В день открытия Думы жители столицы вообще боялись выходить на улицы. Но забастовали «всего» 58 предприятий, 90 тыс. человек (для Петрограда в 1917 г. это считалось умеренным). Происходили сходки студентов, на Путиловском были столкновения с полицией. Выплеснулась пара демонстраций. Попытки смутьянов собраться у Думы полиция пресекла. А на депутатов предупреждение царя ох как хорошо подействовало! Они перепугались обещанного роспуска. Журналисты, собравшиеся за скандальными сенсациями, были чрезвычайно разочарованы, писали: «Первый день Думы кажется бледным». 15 февраля бастовали 20 предприятий (25 тыс. человек). Дальше выступления пошли на убыль, и через неделю обстановка успокоилась. 22 февраля (7 марта) царь выехал из Петрограда в Ставку. А на следующий день грянуло…
В Православной Церкви в это время был Великий Пост. Вторая неделя — Неделя Торжества Православия. В царской России этот праздник занимал особое место, для него существовал специальный чин богослужения. Вот как его описывает святитель Николай Японский: «По восхвалении Бога, Зиждителя Церкви, и Святых Отцов, богозданных столпов ее, протодиакон стал провозглашать: “Неверующим в Бога — Творца вселенной, а мудрствующим, что мир произошел сам собой и держится случайно, — анафема! Неверующим в Искупителя и Искупление — анафема! Неверующим в Святаго Духа — анафема! Не верующим в Святую Церковь и противящимся ей — анафема! Не почитающим святые иконы — анафема! Изменникам Отечеству и Престолу — анафема!”»
Последний раз в России этот чин служился 19 февраля (4 марта) 1917 г. Революция началась через четыре дня. Все лица, организовавшие и поддержавшие ее, сами заведомо шли под вечное проклятие.
Узел семнадцатый
«Кругом измена, трусость и обман…»
Действительно ли в России назрела революция? Документы Охранного отделения, сохранившие исчерпывающие сведения о деятельности оппозиции, дают однозначный ответ: нет. Генерал Глобачев отмечал, что «в общем настроение рабочих масс нельзя было назвать враждебным по отношению к существующему порядку, и если были между ними пораженцы, то все-таки большая часть искренно верила в победу… из сознания долга перед Родиной и собратьями.
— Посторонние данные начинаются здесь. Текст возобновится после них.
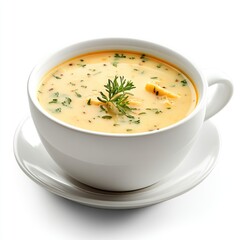 Creamy soup in white mug, delicious, ready to eat, perfect for a meal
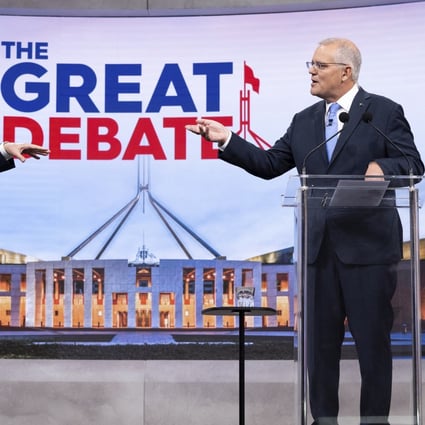 Australian Prime Minister Scott Morrison (right) and opposition leader Anthony Albanese attend the second leaders’ debate of the 2022 federal election campaign in Sydney on May 8. Photo: AFP
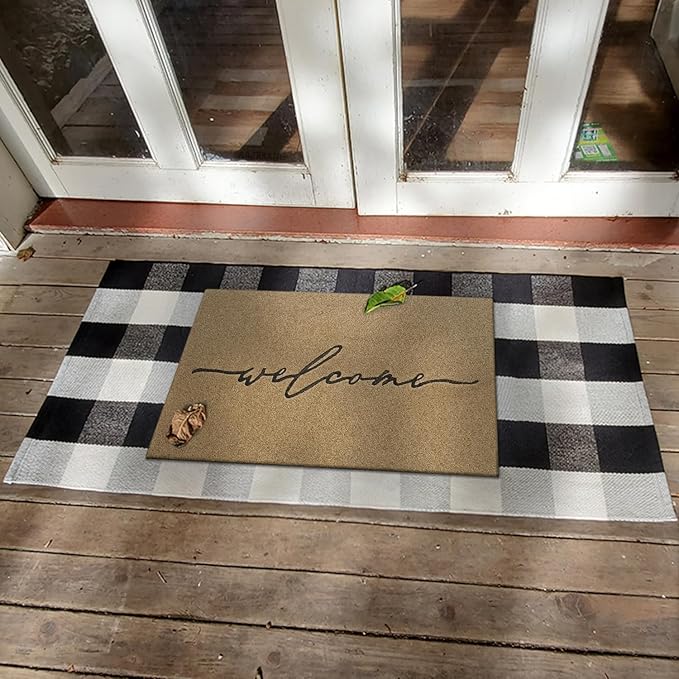 AAZZKANG Welcome Mats Outdoor with Non Slip Rubber Backing Easy to Clean Outdoor Indoor Doormat for Front Door High Traffic Areas Entrance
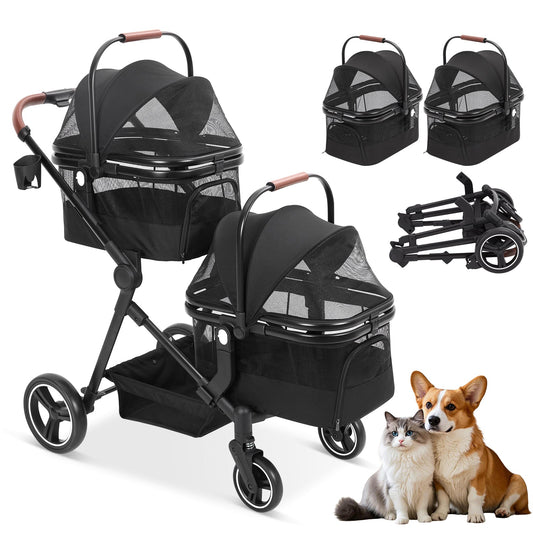 Garvee Double Pet Stroller with 2 Detachable Carriers, 4 Wheels Dog Stroller for 2 Dogs or Cats, Puppy Stroller with Storage Basket, 360-Degree Front Wheels and Cup Holder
Материальное положение петроградских рабочих было весьма удовлетворительно, ибо, несмотря на все растущую дороговизну жизни, заработная плата прогрессировала и не отставала от ее требований».
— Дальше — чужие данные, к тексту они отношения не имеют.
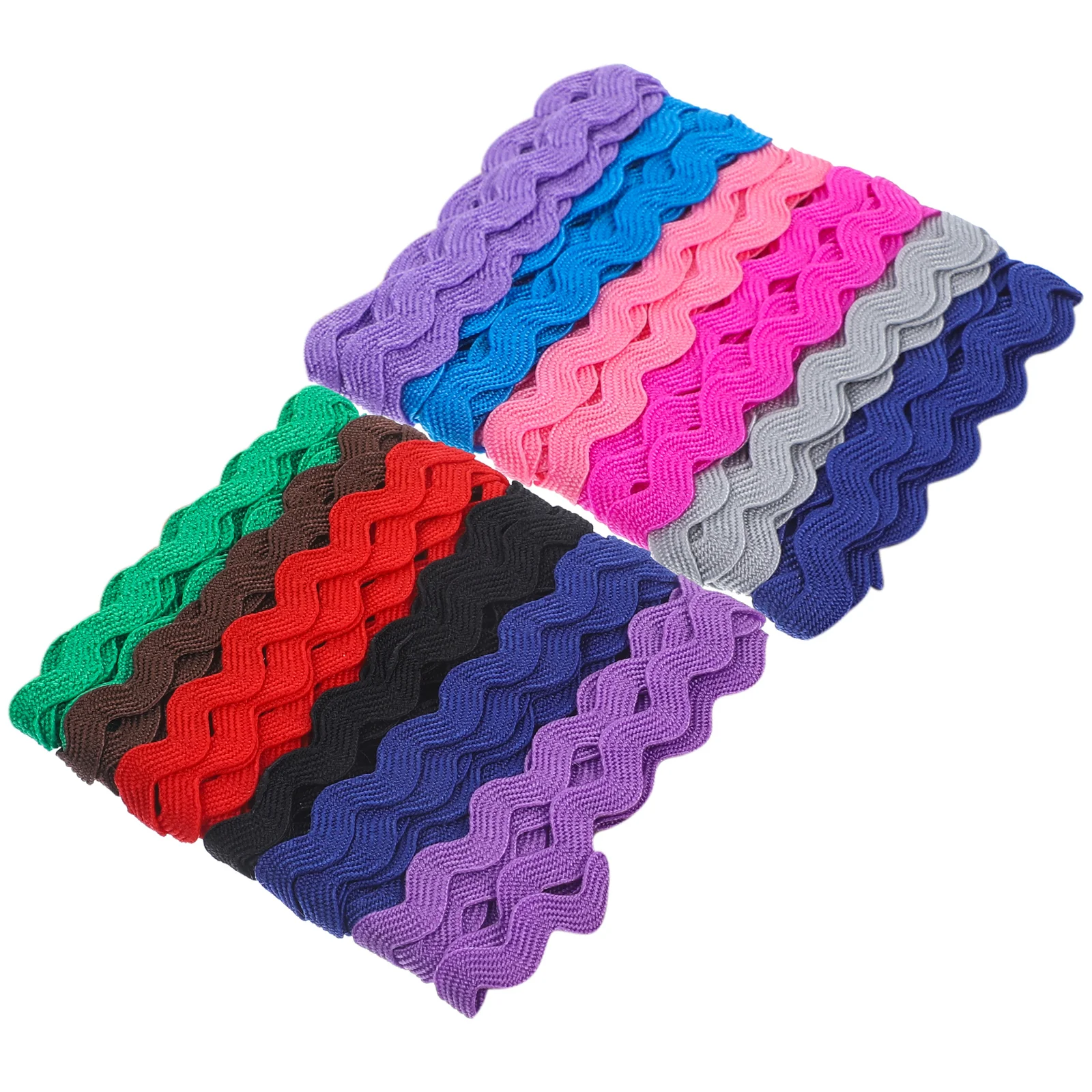 

2pcs 2 Rolls 8Mm S Shape Colored Ribbon Fabric Lace 6 Yards For Diy Clothing Accessories Maternity Kids Clothes Craft Wavy Edge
Но как раз в единственном городе, в столице, наложились другие факторы. Глобачев писал: «Население Петрограда, насчитывавшее до войны едва 1 млн. людей, возросло к концу 1916 г. до 3 млн. (считая окрестности), что, конечно, создало вместе с прогрессирующей дороговизной весьма тяжелые условия жизни (квартирный вопрос, продовольственный, топлива, транспорта и пр.). Все духовные интересы этого трехмиллионного населения сосредотачивались на течении военных действий и на внутреннем экономическом и политическом положении страны. Общество большей частью питалось всевозможными вздорными и ложными слухами, где умышленно искажалась истина. Всякие неудачи, как внешние, так и внутренние, объяснялись всегда почти изменой или предательством, и все несчастья относились на счет Государя».
Во время войны изменилось не только количество, но и состав населения столицы. Многие патриоты-рабочие ушли на фронт. На их места приходили шкурники, желающие пристроиться в тылу. Много было финнов. Их в армию не призывали, на оборонных заводах платили хорошо, и они переселялись в Петроград с семьями.